(Beginning of Dataset extract)

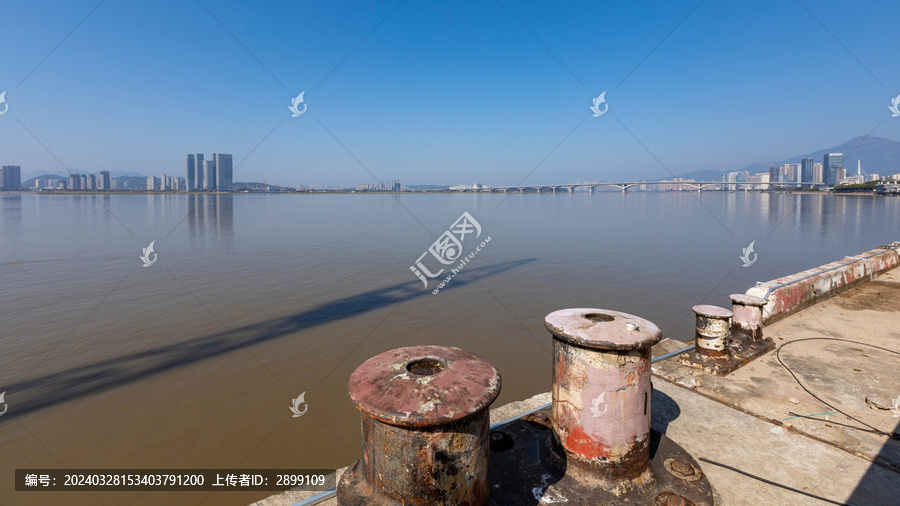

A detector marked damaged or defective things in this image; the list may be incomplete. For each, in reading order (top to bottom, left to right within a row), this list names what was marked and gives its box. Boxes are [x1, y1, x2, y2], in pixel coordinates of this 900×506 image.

rusty mooring bollard [336, 346, 500, 506]
rusty mooring bollard [540, 308, 660, 478]
rusty mooring bollard [692, 304, 736, 360]
rusty mooring bollard [732, 292, 768, 340]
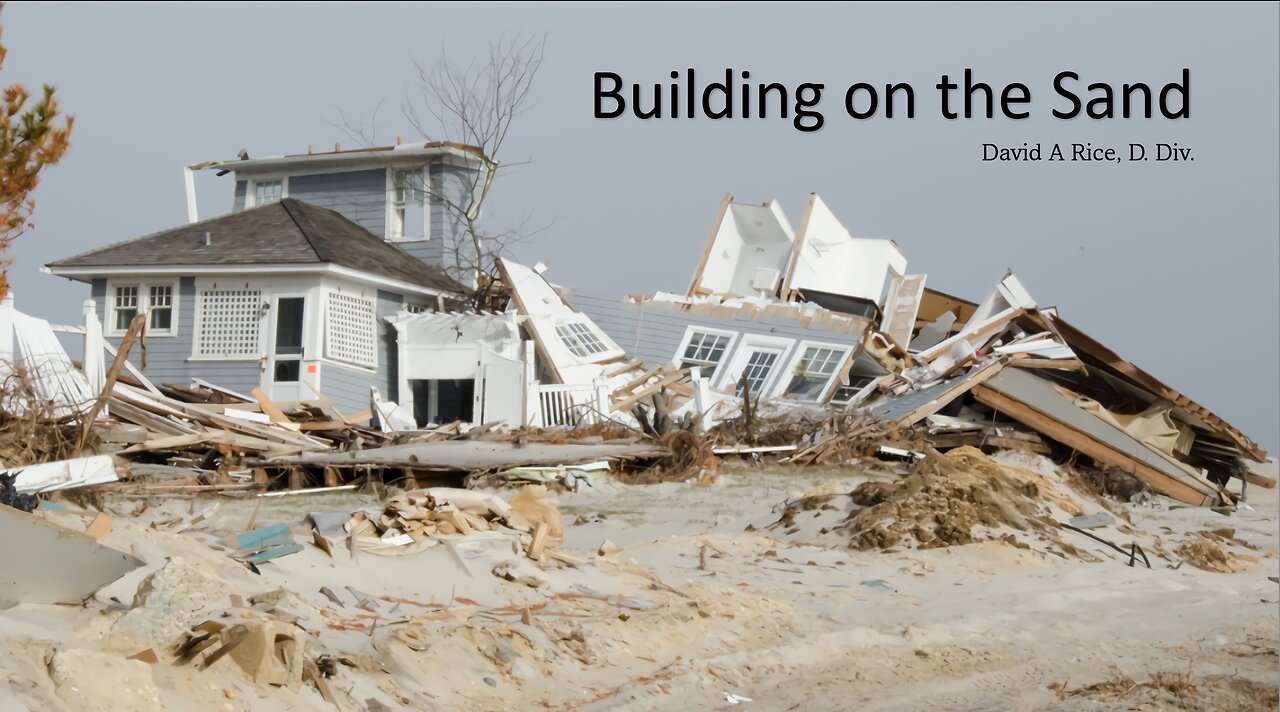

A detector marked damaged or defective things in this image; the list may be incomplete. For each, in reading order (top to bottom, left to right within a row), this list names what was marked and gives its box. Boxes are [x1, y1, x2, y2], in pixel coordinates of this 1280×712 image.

broken window [252, 178, 282, 206]
broken window [391, 167, 427, 240]
broken window [112, 285, 138, 332]
broken window [147, 285, 172, 332]
broken window [552, 321, 606, 358]
broken window [680, 332, 732, 381]
broken window [737, 348, 773, 396]
broken window [783, 345, 844, 399]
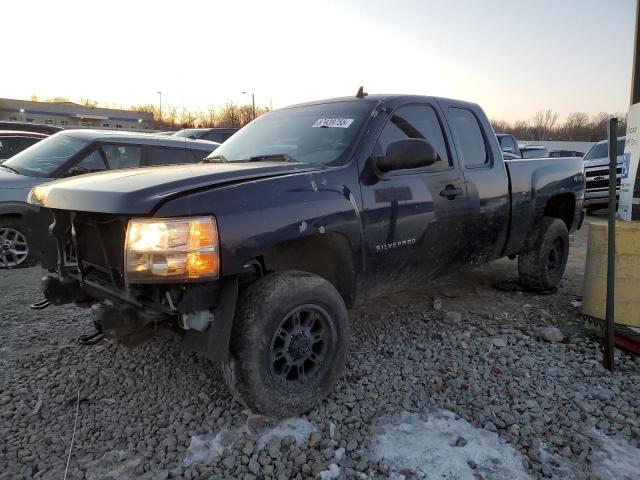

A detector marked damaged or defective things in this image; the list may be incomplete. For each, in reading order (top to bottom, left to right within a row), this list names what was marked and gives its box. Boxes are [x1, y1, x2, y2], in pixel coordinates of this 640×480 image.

exposed headlight [27, 186, 49, 206]
exposed headlight [125, 217, 220, 284]
damaged pickup truck [28, 94, 584, 416]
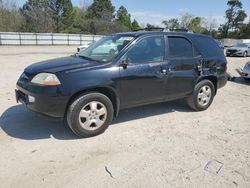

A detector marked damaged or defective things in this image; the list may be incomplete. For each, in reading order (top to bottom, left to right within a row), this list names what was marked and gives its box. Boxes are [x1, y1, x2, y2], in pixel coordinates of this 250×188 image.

damaged vehicle [14, 30, 228, 137]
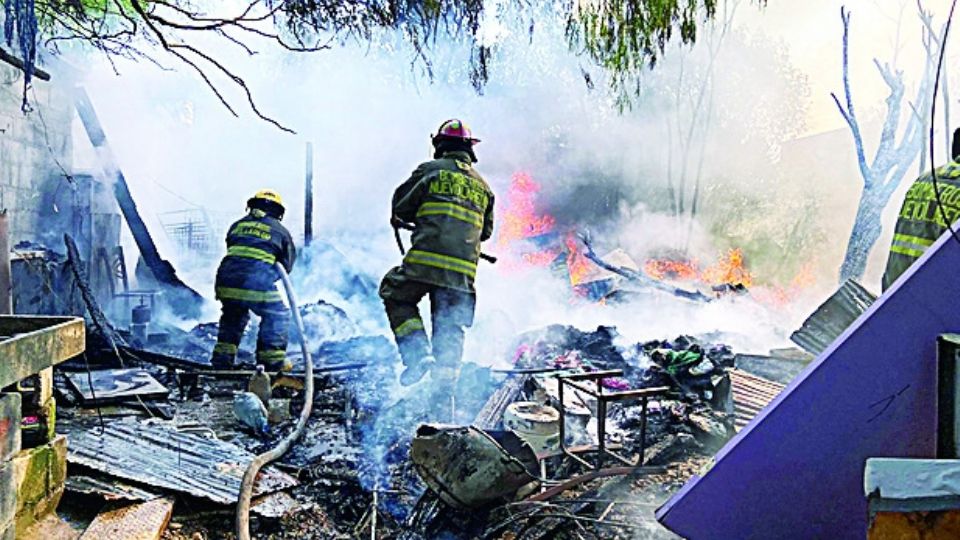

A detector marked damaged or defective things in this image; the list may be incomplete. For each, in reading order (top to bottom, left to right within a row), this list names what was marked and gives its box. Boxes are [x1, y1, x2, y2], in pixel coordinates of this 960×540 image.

rusty metal sheet [0, 316, 84, 388]
burned wooden plank [0, 316, 85, 388]
rusty metal sheet [63, 368, 169, 404]
burned wooden plank [63, 368, 169, 404]
charred debris pile [47, 284, 796, 536]
rusty metal sheet [732, 370, 784, 428]
rusty metal sheet [64, 474, 158, 504]
burned wooden plank [66, 422, 296, 506]
rusty metal sheet [67, 422, 296, 506]
rusty metal sheet [80, 498, 174, 540]
burned wooden plank [80, 498, 174, 540]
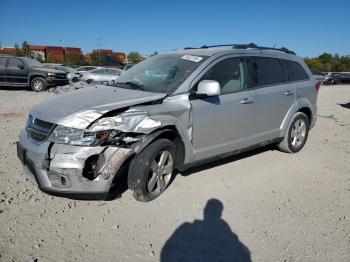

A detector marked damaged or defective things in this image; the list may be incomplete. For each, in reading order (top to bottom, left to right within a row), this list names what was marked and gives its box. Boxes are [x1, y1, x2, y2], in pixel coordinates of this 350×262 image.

crumpled front bumper [17, 129, 133, 201]
broken headlight [48, 125, 111, 146]
smashed hood [30, 84, 166, 128]
damaged dodge journey [17, 44, 320, 202]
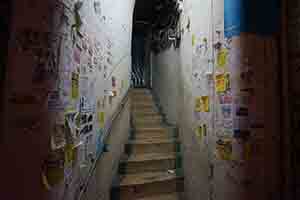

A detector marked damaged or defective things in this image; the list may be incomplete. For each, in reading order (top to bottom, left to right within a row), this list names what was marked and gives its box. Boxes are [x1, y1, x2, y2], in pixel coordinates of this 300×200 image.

peeling paint wall [0, 0, 135, 199]
peeling paint wall [152, 0, 282, 200]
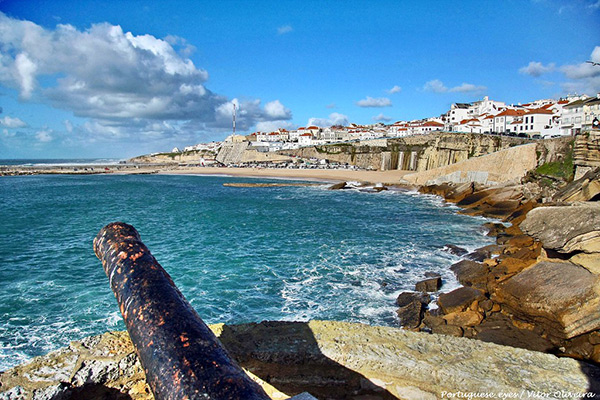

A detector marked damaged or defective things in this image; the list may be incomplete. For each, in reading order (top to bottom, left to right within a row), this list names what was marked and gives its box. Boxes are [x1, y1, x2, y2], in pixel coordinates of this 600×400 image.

corroded metal surface [94, 222, 270, 400]
rusty cannon [94, 222, 270, 400]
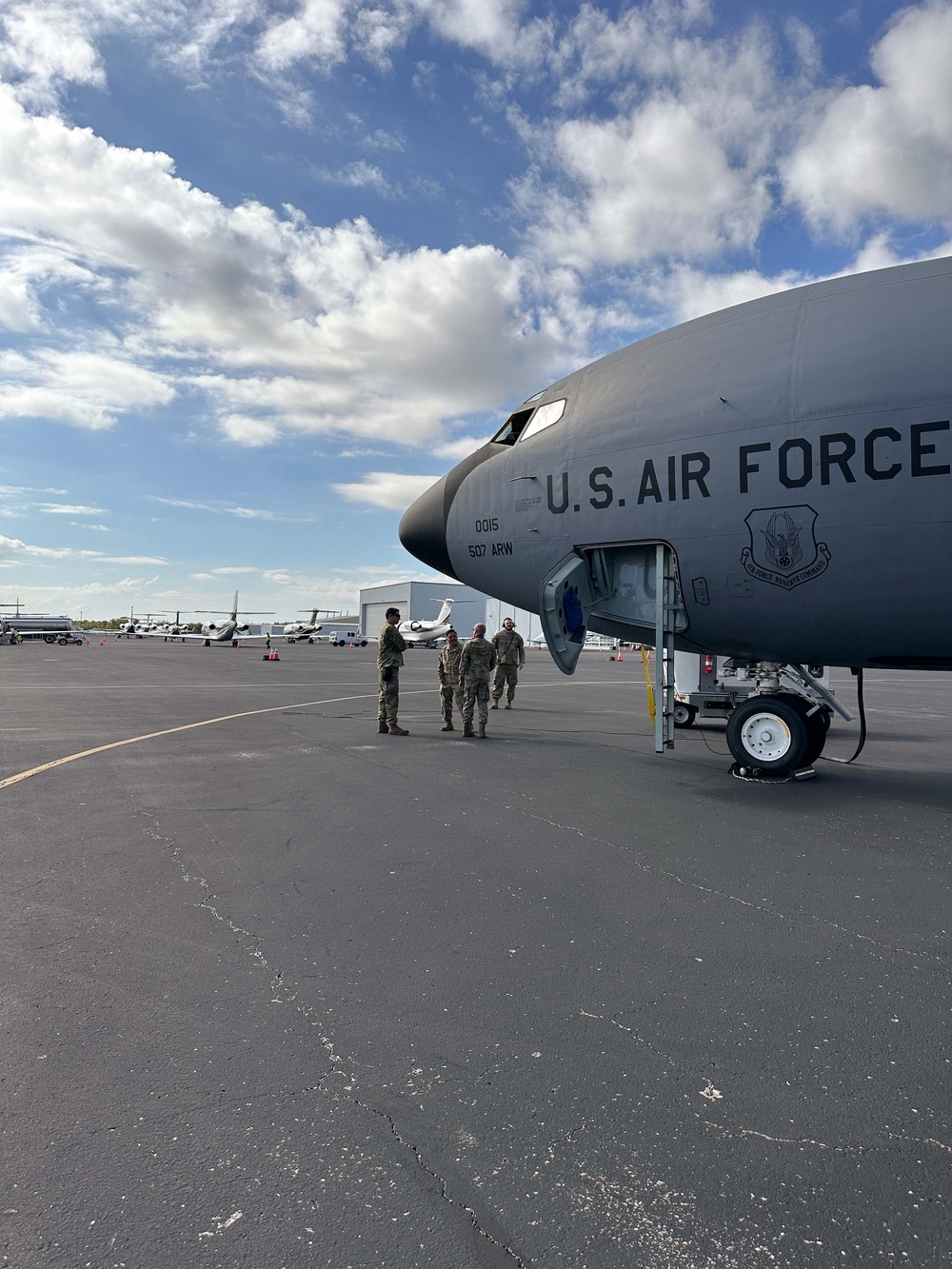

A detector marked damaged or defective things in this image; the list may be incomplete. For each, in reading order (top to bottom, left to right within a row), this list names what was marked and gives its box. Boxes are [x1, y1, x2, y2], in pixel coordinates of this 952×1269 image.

cracked asphalt [0, 651, 948, 1264]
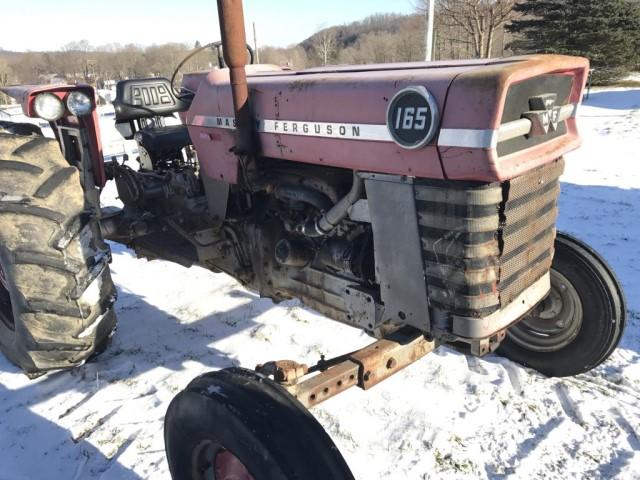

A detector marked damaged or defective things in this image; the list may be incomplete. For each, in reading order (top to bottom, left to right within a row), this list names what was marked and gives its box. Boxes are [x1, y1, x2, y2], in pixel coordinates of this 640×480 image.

rusty grille [412, 158, 564, 318]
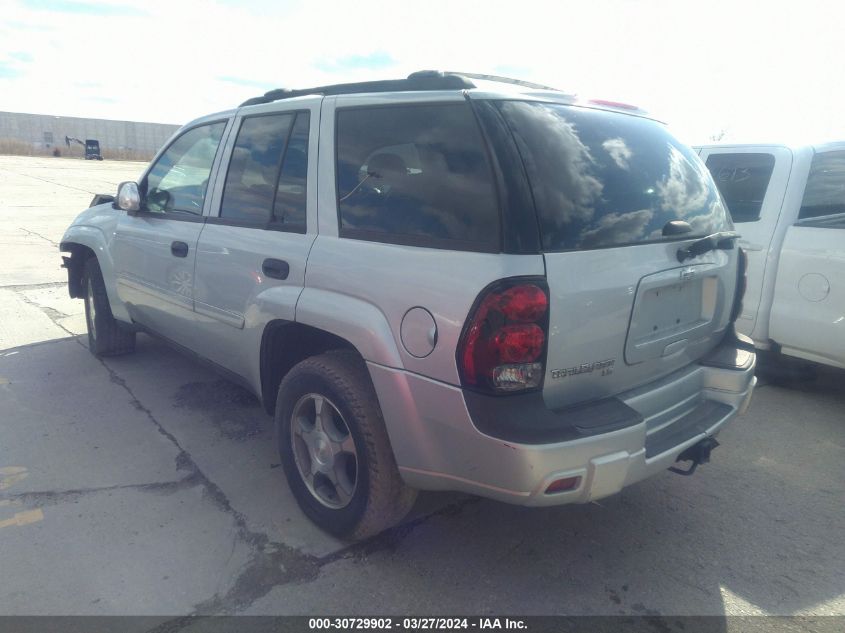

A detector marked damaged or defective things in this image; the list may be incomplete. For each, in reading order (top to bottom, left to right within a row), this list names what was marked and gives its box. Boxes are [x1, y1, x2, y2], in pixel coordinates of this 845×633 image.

cracked pavement [0, 157, 840, 616]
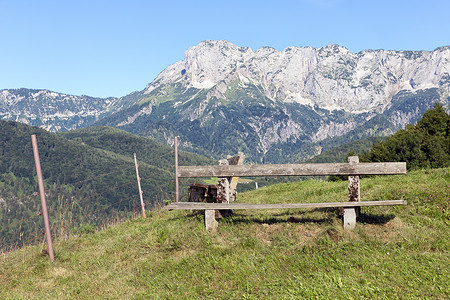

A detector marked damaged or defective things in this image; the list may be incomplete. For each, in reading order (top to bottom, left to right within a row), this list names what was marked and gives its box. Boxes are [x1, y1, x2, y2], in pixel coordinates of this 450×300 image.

rusty metal post [30, 135, 55, 262]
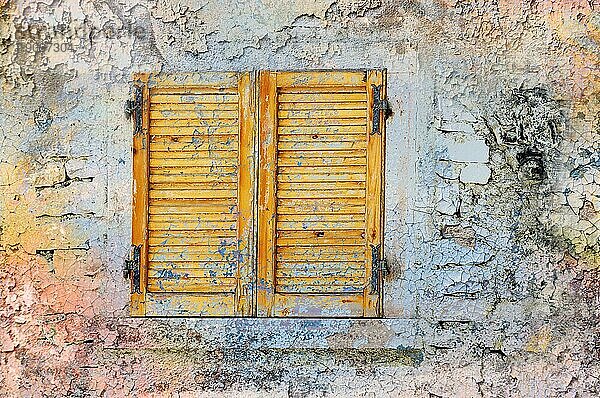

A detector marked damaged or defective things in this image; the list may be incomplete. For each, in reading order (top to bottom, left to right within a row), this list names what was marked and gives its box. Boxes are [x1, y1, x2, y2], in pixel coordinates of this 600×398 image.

rusty hinge [124, 85, 143, 135]
rusty hinge [368, 84, 392, 135]
chipped paint on shutter [132, 72, 256, 318]
chipped paint on shutter [256, 68, 386, 318]
rusty hinge [122, 244, 141, 294]
rusty hinge [370, 241, 390, 294]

(End of Dataset extract)

Exercise prompt –
Please repeat all of the data exactly as it stands, leaving the pictures out.

Solution to this exercise –
A detector marked damaged or defective things in this image; the list may be incomplete. For each, in reading order (top to bottom, left to right within a row), this list names what was marked and gives its box. Boxes are [x1, y1, x2, y2], in pixel coordinates of this 900×506 image.

rusty mooring bollard [336, 346, 500, 506]
rusty mooring bollard [540, 308, 660, 478]
rusty mooring bollard [692, 304, 736, 360]
rusty mooring bollard [732, 292, 768, 340]

A detector marked damaged or defective things in this image; the list may be incomplete. For each, in reading order (top to bottom, left to right within a row), this list names what was marked and gives its box. Boxes are [x1, y1, x2, y2], in pixel coordinates of this 1280×712 image.

broken window [252, 178, 282, 206]
broken window [391, 167, 427, 240]
broken window [112, 285, 138, 332]
broken window [147, 285, 172, 332]
broken window [552, 321, 606, 358]
broken window [680, 332, 732, 381]
broken window [737, 348, 773, 396]
broken window [783, 345, 844, 399]

A detector marked damaged or defective things in this image; the list may be incomplete. For each, in reading order (top to bottom, left to right within a row), this list names what was marked and gives its box. Boxes are [x1, y1, x2, y2], in pixel coordinates of this 640×480 image.

exposed headlight [27, 186, 49, 206]
exposed headlight [125, 217, 220, 284]
damaged pickup truck [28, 94, 584, 416]

A detector marked damaged or defective things in this image; the list may be incomplete. For each, in reading order (top to bottom, left to right within a row), this list names what was marked and gives its box. Boxes are [x1, y1, x2, y2], in pixel coordinates of this 250×188 image.

damaged vehicle [14, 30, 228, 137]

A detector marked damaged or defective things in this image; the list may be incomplete. For each, in reading order (top to bottom, left to right within a row), this list names what was marked and gives its box. Boxes are [x1, y1, x2, y2], in pixel coordinates of this 960×540 image.

rusty metal sheet [0, 316, 84, 388]
burned wooden plank [0, 316, 85, 388]
rusty metal sheet [63, 368, 169, 404]
burned wooden plank [63, 368, 169, 404]
charred debris pile [47, 284, 796, 536]
rusty metal sheet [732, 370, 784, 428]
rusty metal sheet [64, 474, 158, 504]
burned wooden plank [66, 422, 296, 506]
rusty metal sheet [67, 422, 296, 506]
rusty metal sheet [80, 498, 174, 540]
burned wooden plank [80, 498, 174, 540]

A detector marked damaged or defective things in this image; the list may be incomplete. For each, in reading order (top to bottom, left to right within a row), this list names what was marked and gives its box. Boxes are [x1, y1, x2, y2], in pixel coordinates of this 350×262 image.

crumpled front bumper [17, 129, 133, 201]
broken headlight [48, 125, 111, 146]
smashed hood [30, 84, 166, 128]
damaged dodge journey [17, 44, 320, 202]

A detector marked damaged or defective things in this image; the list may be incomplete. For each, in reading order (top to bottom, left to right within a row), this list names what was marked and gives its box. Boxes are [x1, y1, x2, y2], in pixel coordinates of this 300×200 image.

peeling paint wall [0, 0, 135, 199]
peeling paint wall [152, 0, 282, 200]

A detector marked damaged or defective things in this image; the list may be incomplete. For each, in reading order (top to bottom, left to right within a row), this list names what was marked and gives its box. Boxes are [x1, y1, x2, y2], in pixel coordinates of this 600×400 image.

corroded metal surface [94, 222, 270, 400]
rusty cannon [94, 222, 270, 400]

A detector marked damaged or defective things in this image; the list may be incomplete. For each, in reading order (top to bottom, left to right within a row), this list names what was marked and gives its box. Boxes are [x1, y1, x2, y2], in pixel coordinates of this 952×1269 image.

cracked asphalt [0, 651, 948, 1264]

A detector marked damaged or defective things in this image; the list may be incomplete. For each, in reading order (top to bottom, left to right within a row), this list names what was marked and gives its box. Boxes are [x1, y1, x2, y2], in pixel coordinates of this 640×480 image.

rusty grille [412, 158, 564, 318]

A detector marked damaged or defective things in this image; the list may be incomplete. For each, in reading order (top to bottom, left to right within a row), this list names what was marked and gives its box. Boxes are [x1, y1, x2, y2], in pixel coordinates of this 845×633 image.

cracked pavement [0, 157, 840, 616]

A detector marked damaged or defective things in this image; the list may be incomplete. For each, in reading order (top to bottom, left to right within a row), this list names what was marked and gives its box. Boxes are [x1, y1, x2, y2], in pixel coordinates of this 450×300 image.

rusty metal post [30, 135, 55, 262]

A detector marked damaged or defective things in this image; the list may be incomplete. For each, in reading order (top to bottom, left to right within a row), this list names what was marked and gives its box. Boxes are [x1, y1, x2, y2], in pixel coordinates of this 600×398 image.

rusty hinge [124, 85, 143, 135]
rusty hinge [368, 84, 392, 135]
chipped paint on shutter [132, 72, 256, 318]
chipped paint on shutter [256, 68, 386, 318]
rusty hinge [122, 244, 141, 294]
rusty hinge [370, 241, 390, 294]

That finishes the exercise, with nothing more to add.